Mais le principal écart entre Reloaded et Revolutions, qui fait de l'un une coquille un peu creuse, et de l'autre une solide histoire de science-fiction matrixienne, c'est indubitablement la fidélité idéologique dont font preuve les Wachowski envers leur script et leurs inspirations. Si la guerre des hommes contre les machines est une explosion visuelle un peu mal contenue, l'épopée de l'élu n'est que le digne écho des aspirations de MatriX. Le sentiment-maître est d'abord la peur, celle du spectateur, associée au coma de l'élu qui se conforte dans un arrière-goût de Reloaded, tout en donnant un avant-goût de Revolutions : Pas très utile, mais lourd de sens. Puis la problématique du choix fortement placardée auparavant trouve ses applications, son sens profond, ce que Reloaded nous expliquait difficilement en deux pages de dialogues écrits par un maître de conférence de psychologie. Limpide, telle la pile de Morpheus, jusque dans les derniers rebondissements du film, partiellement attendus, qui finissent glorieusement et magnifiquement cette vision ultra-moderne des plus forts passages de la bible.
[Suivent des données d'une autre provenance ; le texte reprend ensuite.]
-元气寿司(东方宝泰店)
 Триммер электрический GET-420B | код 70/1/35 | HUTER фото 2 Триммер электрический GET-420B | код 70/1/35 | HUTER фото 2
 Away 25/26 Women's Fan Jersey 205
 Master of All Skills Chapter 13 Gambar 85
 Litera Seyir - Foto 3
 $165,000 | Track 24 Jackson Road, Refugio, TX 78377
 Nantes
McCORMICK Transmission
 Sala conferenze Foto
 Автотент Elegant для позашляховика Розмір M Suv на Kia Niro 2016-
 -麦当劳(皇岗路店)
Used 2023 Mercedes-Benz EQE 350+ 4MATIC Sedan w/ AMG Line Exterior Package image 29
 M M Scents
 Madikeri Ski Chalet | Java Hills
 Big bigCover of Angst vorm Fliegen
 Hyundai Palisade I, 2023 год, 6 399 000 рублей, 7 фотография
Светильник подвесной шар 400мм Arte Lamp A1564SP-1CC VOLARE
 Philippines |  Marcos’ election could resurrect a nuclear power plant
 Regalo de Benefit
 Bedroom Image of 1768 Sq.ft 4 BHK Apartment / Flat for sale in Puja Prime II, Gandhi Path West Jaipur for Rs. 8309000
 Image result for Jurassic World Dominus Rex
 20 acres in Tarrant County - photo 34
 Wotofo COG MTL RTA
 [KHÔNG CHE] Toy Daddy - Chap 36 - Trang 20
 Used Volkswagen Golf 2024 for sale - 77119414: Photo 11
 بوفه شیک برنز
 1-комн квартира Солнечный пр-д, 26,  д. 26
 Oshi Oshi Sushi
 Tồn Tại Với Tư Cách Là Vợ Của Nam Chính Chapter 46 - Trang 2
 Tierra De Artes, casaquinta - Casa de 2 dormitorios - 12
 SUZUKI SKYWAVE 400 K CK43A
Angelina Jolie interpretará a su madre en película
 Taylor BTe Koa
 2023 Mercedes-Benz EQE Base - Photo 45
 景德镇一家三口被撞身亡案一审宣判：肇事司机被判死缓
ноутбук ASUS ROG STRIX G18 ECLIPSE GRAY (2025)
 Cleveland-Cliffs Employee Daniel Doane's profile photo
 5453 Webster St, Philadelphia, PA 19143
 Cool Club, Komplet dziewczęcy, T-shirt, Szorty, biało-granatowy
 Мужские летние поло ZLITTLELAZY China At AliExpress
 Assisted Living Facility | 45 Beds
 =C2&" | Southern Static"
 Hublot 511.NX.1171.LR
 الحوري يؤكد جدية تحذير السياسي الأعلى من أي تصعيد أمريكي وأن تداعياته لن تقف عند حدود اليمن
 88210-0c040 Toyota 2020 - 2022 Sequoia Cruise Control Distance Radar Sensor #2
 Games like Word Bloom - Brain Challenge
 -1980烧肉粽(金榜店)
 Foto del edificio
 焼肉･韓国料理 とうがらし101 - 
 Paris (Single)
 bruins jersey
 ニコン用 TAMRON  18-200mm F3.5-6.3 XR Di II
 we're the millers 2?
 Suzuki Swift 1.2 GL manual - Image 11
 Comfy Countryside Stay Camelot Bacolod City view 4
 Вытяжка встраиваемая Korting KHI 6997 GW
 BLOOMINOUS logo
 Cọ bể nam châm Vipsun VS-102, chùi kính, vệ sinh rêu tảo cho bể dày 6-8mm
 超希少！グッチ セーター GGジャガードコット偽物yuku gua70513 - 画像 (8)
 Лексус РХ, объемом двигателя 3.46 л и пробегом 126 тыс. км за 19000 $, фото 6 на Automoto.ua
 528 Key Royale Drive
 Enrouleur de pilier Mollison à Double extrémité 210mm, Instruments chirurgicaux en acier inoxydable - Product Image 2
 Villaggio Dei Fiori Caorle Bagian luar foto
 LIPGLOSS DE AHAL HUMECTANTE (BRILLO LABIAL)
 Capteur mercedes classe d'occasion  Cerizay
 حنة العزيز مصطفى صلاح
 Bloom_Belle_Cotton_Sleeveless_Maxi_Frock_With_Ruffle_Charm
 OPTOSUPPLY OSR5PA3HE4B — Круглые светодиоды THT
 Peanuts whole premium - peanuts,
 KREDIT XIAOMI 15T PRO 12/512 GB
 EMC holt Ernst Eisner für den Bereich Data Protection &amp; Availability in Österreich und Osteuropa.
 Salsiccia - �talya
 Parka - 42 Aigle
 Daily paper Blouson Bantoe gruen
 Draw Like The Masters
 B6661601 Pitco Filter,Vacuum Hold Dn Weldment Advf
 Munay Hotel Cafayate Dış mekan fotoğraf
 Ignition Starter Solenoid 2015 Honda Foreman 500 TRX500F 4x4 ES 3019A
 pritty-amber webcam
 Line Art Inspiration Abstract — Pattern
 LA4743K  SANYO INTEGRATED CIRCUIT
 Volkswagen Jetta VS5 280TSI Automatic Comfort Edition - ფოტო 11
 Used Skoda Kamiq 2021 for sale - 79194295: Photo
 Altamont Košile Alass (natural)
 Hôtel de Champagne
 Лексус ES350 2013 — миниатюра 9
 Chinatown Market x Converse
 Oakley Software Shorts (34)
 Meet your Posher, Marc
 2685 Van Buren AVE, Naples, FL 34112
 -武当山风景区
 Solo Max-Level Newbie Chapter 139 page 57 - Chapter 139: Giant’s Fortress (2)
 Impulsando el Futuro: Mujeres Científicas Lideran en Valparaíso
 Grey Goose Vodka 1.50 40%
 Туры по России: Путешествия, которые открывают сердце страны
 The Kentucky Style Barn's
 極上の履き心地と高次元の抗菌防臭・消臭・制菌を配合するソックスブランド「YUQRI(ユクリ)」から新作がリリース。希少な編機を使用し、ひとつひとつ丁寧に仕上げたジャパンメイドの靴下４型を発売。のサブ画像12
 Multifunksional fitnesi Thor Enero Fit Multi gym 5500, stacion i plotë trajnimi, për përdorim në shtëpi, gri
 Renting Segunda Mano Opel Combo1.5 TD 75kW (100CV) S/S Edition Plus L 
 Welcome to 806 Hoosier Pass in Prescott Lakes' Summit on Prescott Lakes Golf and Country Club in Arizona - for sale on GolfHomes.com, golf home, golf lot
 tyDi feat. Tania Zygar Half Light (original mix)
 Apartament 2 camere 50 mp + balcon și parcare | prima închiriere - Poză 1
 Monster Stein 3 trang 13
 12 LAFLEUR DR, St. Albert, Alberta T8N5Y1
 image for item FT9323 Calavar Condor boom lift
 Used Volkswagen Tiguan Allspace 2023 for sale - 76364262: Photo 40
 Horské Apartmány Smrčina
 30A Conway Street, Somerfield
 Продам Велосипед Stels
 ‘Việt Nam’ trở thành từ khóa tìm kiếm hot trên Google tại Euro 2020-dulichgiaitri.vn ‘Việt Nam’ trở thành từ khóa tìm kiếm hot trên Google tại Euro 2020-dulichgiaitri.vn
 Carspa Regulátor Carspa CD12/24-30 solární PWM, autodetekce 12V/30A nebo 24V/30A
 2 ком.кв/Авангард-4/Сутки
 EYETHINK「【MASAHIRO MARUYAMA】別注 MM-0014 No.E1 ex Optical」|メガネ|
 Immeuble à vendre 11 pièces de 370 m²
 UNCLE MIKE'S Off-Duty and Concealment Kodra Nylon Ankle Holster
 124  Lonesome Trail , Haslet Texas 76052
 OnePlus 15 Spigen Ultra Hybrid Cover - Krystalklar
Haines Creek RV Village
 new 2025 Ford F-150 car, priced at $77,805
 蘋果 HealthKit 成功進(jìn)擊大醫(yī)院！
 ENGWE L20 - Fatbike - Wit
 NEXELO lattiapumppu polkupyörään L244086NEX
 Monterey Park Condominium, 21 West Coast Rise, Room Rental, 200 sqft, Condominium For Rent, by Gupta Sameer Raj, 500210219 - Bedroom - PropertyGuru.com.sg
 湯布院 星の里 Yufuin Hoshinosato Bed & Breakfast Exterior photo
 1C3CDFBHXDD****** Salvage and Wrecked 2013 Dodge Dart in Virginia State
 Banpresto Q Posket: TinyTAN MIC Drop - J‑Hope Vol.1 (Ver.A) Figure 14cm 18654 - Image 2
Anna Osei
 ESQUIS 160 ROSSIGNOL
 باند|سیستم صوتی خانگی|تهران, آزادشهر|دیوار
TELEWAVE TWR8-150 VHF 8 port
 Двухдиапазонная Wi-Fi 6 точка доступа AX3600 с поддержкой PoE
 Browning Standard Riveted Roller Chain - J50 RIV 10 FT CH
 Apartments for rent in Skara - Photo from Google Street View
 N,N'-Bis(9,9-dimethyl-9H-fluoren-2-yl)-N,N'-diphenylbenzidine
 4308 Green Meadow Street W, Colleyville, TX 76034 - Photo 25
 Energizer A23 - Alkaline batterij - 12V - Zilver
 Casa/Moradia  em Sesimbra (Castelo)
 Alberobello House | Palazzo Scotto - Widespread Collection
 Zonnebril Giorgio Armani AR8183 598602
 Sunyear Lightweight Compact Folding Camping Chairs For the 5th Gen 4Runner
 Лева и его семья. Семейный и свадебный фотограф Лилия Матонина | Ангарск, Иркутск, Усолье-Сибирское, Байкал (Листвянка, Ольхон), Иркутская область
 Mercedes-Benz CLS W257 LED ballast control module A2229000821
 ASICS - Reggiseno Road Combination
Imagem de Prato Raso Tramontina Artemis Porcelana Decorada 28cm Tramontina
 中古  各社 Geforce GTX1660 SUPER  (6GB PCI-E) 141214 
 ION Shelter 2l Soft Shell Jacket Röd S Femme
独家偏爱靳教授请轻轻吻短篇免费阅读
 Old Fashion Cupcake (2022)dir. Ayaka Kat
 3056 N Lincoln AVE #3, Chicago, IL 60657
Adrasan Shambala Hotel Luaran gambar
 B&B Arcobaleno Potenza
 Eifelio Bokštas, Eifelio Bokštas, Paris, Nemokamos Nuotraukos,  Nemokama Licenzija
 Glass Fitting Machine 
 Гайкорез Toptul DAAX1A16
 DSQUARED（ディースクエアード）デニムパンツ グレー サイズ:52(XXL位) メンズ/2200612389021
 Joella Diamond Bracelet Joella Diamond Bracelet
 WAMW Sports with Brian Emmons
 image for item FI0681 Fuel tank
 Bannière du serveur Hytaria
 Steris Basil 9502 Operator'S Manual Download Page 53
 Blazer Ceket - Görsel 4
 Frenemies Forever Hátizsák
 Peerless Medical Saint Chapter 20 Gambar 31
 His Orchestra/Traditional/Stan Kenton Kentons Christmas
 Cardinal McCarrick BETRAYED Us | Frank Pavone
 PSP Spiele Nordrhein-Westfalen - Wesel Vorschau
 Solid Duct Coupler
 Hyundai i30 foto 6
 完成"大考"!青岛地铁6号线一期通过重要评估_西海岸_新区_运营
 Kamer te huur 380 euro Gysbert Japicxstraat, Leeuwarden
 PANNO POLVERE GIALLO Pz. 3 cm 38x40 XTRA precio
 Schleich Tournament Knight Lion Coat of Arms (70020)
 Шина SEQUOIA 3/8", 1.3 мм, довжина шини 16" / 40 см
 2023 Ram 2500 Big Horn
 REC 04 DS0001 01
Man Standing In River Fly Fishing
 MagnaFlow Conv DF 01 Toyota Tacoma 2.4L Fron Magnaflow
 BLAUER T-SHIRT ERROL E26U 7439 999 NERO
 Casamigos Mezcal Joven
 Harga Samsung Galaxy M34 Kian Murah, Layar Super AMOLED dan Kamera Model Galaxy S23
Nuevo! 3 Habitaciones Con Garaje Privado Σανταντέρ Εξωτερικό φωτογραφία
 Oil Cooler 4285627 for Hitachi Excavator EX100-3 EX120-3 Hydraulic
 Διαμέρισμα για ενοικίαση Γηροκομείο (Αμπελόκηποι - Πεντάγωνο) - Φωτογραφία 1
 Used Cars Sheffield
En contre-partie, au bout du compte, le scénario complet ne peut empêcher d'être considéré comme un peu décevant. L'attente du rebondissement final, la ligne de scénario qui remet tout en cause, le sujet de kilomètres et de kilomètres de messages laissés un peu partout sur les forums de fans, tout cela restera respectivement refoulé et insatisfait. A l'image également des dernières secondes, simplistes, laissant le champ libre pour un quatre pourtant peu probable.
Reloaded était exactement ce qu'il nous fallait pour prendre du bon pied l'épisode final de la trilogie : une bonne grosse déception, laissant champ libre à toutes les possibilités. MatriX Revolutions abandonne clairement les caractéristiques visuelles de la saga et propose une dernière partition solidement ancrée dans des principes de science fiction spectaculaire, comme le témoigne l'une des scènes clés du film, la guerre livrée par les machines aux humains en plein coeur des quais de Zion. Par bonheur, le scénario renoue dans les grandes lignes avec ce qui faisait de MatriX une oeuvre complexe et inspirée, portée sur l'onirisme et la théologie, même si la globalité peut décevoir par son aspect plutôt convenu.
19h00. Une belle heure pour finir une telle critique.